● **Exercise**
Every record below needs to be written out exactly, apart from the pictures.
-- Opening Marker --
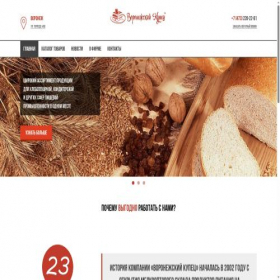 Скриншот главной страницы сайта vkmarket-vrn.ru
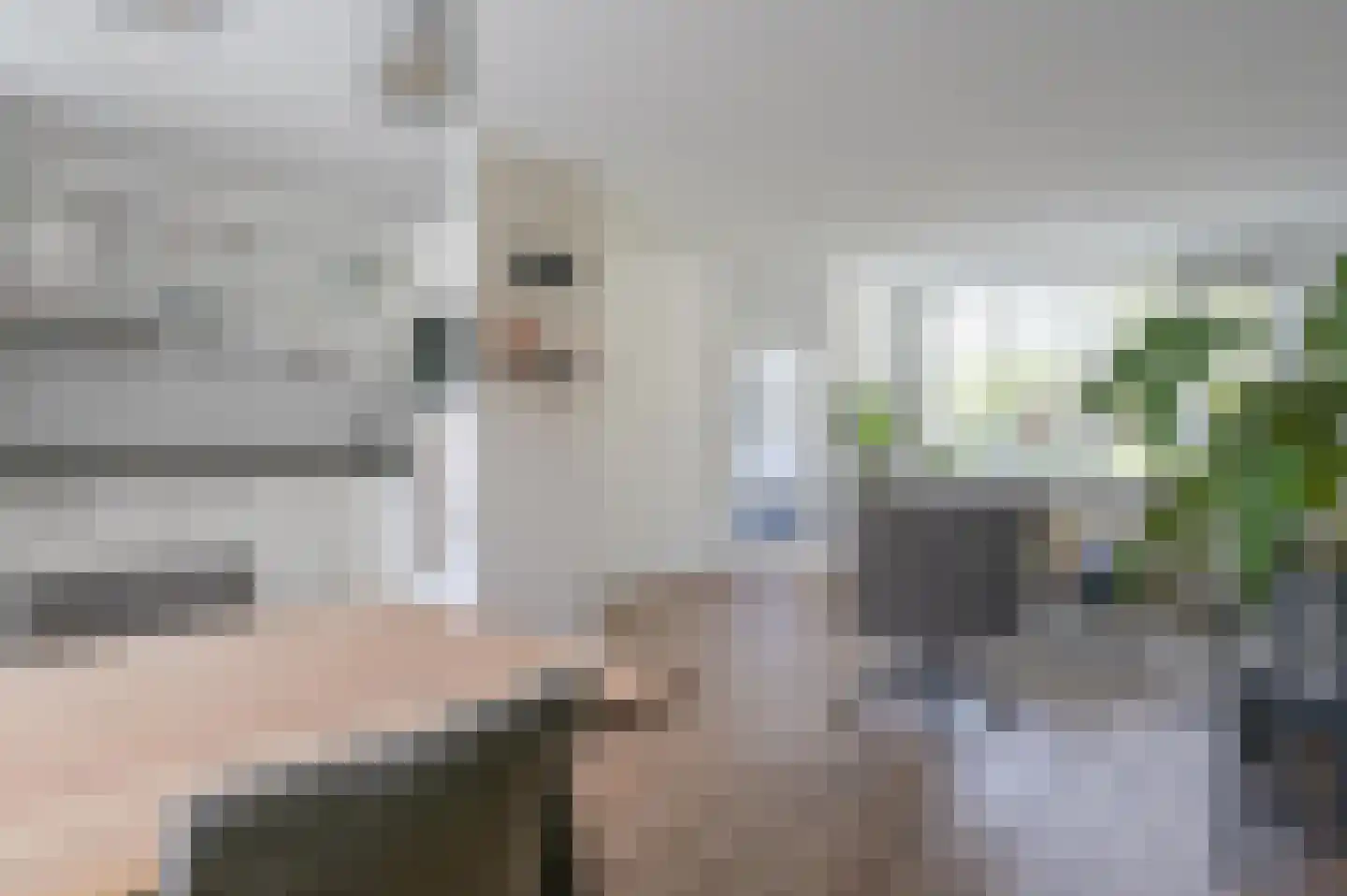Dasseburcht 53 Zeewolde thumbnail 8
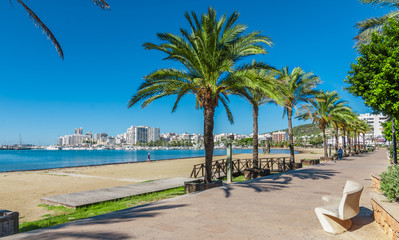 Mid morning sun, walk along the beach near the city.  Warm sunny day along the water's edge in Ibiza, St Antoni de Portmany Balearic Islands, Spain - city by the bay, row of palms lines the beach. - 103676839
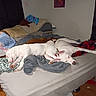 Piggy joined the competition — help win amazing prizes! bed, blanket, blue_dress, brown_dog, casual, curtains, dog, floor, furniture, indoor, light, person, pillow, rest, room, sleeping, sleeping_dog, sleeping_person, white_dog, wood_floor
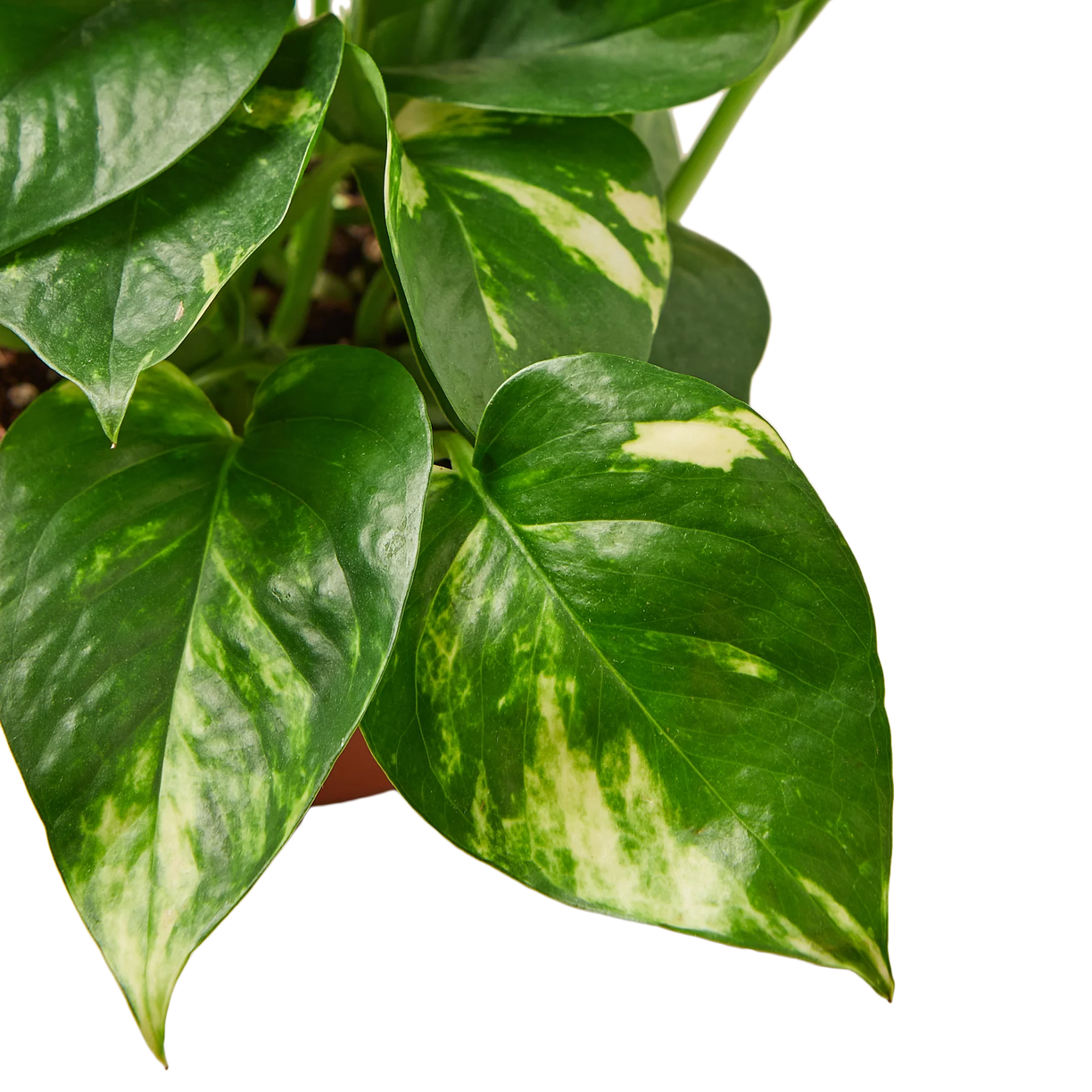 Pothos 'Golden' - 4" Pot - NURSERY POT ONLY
-- Closing Marker --
● **Solution to this task**
 Скриншот главной страницы сайта vkmarket-vrn.ru
Dasseburcht 53 Zeewolde thumbnail 8
 Mid morning sun, walk along the beach near the city.  Warm sunny day along the water's edge in Ibiza, St Antoni de Portmany Balearic Islands, Spain - city by the bay, row of palms lines the beach. - 103676839
 Piggy joined the competition — help win amazing prizes! bed, blanket, blue_dress, brown_dog, casual, curtains, dog, floor, furniture, indoor, light, person, pillow, rest, room, sleeping, sleeping_dog, sleeping_person, white_dog, wood_floor
 Pothos 'Golden' - 4" Pot - NURSERY POT ONLY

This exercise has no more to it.